Il était une fois un pied de vigne à l'abandon, qui s'était tellement ramifié qu'on n'en voyait plus le bout. Je ne sais pas d'où est venue la tite graine mais elle a pris et bien pris, sous la grange où pourtant elle n'est jamais arrosée, mais ça ne semble pas la déranger. Peut-être qu'elle vient du pays du haricot magique ! La vie des graines est vraiment mystérieuse... Heureusement la vigne monte beaucoup moins haut que le haricot magique, pas besoin d'échelle, pas de torticolis, je l'ai à portée de main.

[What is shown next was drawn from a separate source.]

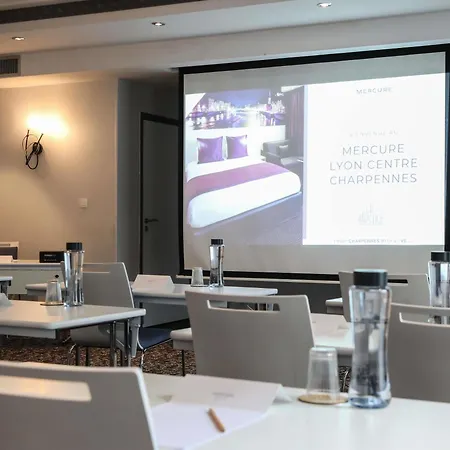 Hôtel Mercure Lyon Centre Charpennes-2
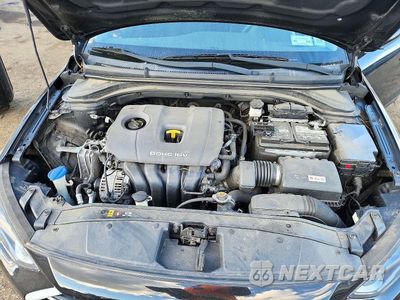 Zdjęcie 11 z 12 samochodu: 2018 HYUNDAI ELANTRA SEL VIN:5NPD84LF7JH374904 - miniatura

De temps en temps, il y a un peu d'animation le long de ses ramifications et des tites bêtes s'y promènent, se posent sur ses feuilles ou arpentent ses tortillons.Tout a commencé avec une punaise coopérative. J'avais repéré les endroits les plus photogéniques dont une petite feuille bien située avec un arrière plan sympa, qui ferait un perchoir parfait, mais Madame Punaise a rechigné à faire la star. Au début, elle m'observait du coin de l’œil sans daigner se déplacer d'un centimètre, alors je l'ai laissée là, et je suis revenue plusieurs fois dans la journée voir si elle était dans de meilleures dispositions, mais je la retrouvais chaque fois pile au même endroit. Ça peut bouder longtemps une punaise ! Peut-être qu'elle avait perdu au concours de Miss Punaise et qu'elle ne digérait pas son échec !
Puis d'un coup ça lui a pris, elle est partie d'un trait, comme si on lui avait piqué sa carte bleue, et a commencé à jouer aux montagnes russes le long des tiges, et là tout est devenu compliqué. Faire la mise au point avec une profondeur si courte sur un sujet qui dévale les pentes au milieu de feuilles agressives, est assez sportif et je me suis fatiguée avant elle.
Lorsque je suis revenue un moment plus tard, a-t-elle eu pitié de moi ou s'est-elle fatiguée, en tout cas elle a commencé à faire des pauses et à se rapprocher peu à peu de la tite feuille que j'avais convoitée, jusqu'à s'arrêter dessus, pour que je lui tire le portrait sous tous les angles. Sûrement l'appel des projecteurs ! Je m'étais bien pressée pour rien, une heure plus tard elle était toujours là, sans avoir bougé d'un centimètre et comme je l'avais mitraillée sous tous les angles, je l'ai finalement abandonnée là, sur son piédestal ! Ça peut durer longtemps une sieste de punaise...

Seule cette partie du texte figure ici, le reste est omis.